Partners not getting their AMD
Radeon HD 6970 boards in time has led many to speculate AMD is indeed facing yield issues with its upcoming flagship GPU. However, an insider has shared a contradicting piece of news: the card's delay is not due to yield issues - production is perfectly fine, but rather a
shortage of a particular component from
Texas Instruments (TI) is the root cause of the hold-up.
This TI component is an integrated driver-MOSFET (DrMOS) that was first used on AMD's Radeon HD 6800 Series. This DrMOS is so new to the point there is no information on it on the Web, not even from the manufacturer itself.
Supply of this DrMOS is limited, and since the Radeon HD 6800 Series and upcoming HD 6900 Series share the same VRM design, any (tight) supply from TI is shared between all the cards. This leads to a delay in HD 6970 card
manufacturing, with partners receiving their final boards late as well.

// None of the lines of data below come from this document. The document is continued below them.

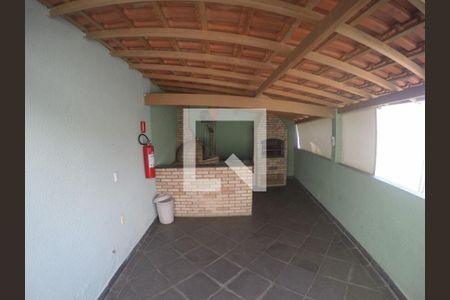Apartamento à venda com 63m², 2 quartos e 1 vaga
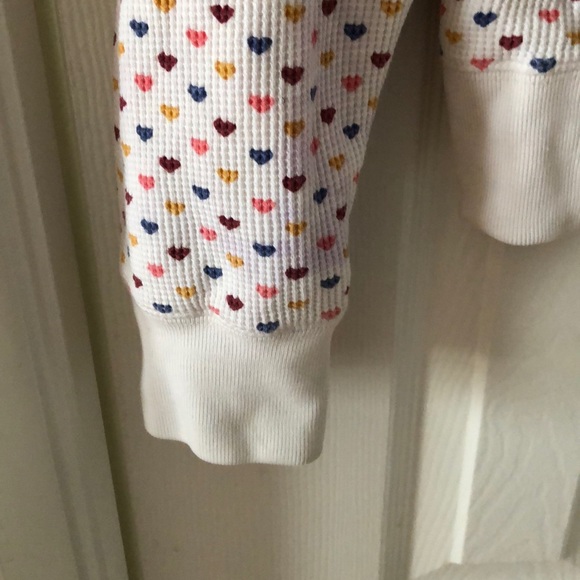 Kids sweater - Picture 5 of 6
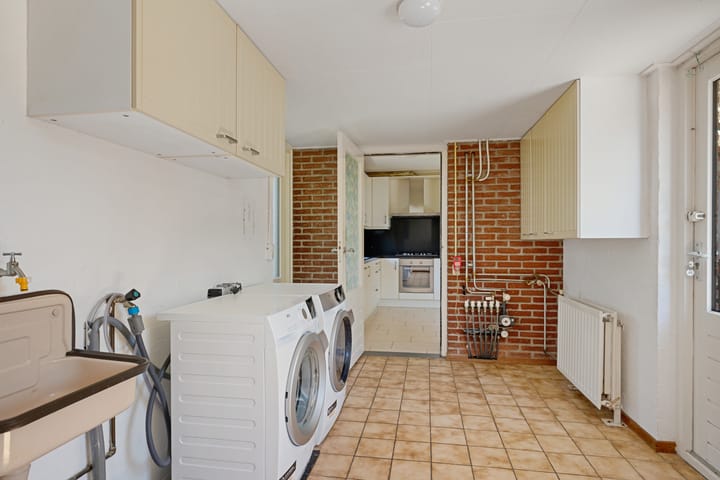 Foto 17 van Bleijenbeek 47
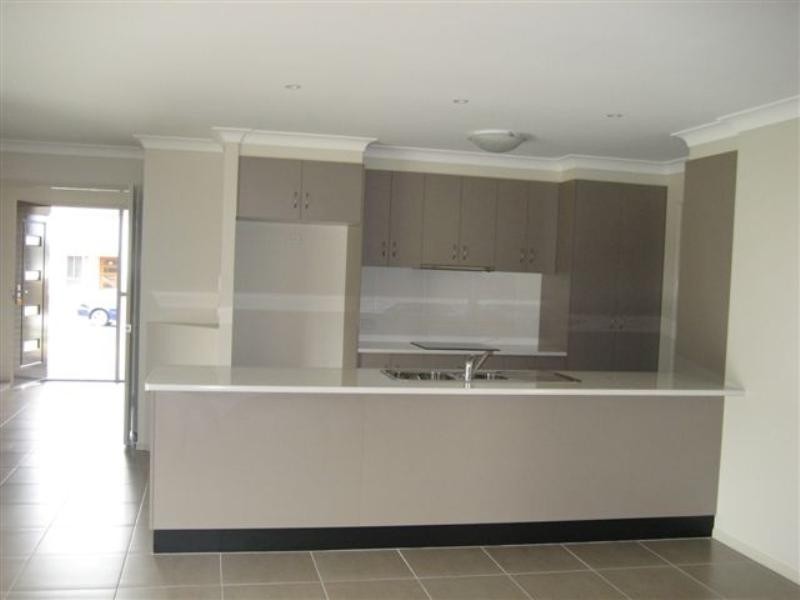 73 Whitman Street, Westbrook QLD 4350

It is interesting to note that AMD has also withheld the final BIOS from partners. It is an open question as to whether NVIDIA's just-launched GeForce
GTX 580 flagship GPU and its performance figures has anything to do with this. That aside, the initial 22nd November date may be set to change; AIBs will only know the
final launch date from AMD at the end of this week.
Meanwhile, NVIDIA can take this time to gloat about its
GeForce GTX 580 (which we have
reviewed too) before the Radeon HD 6970 drops.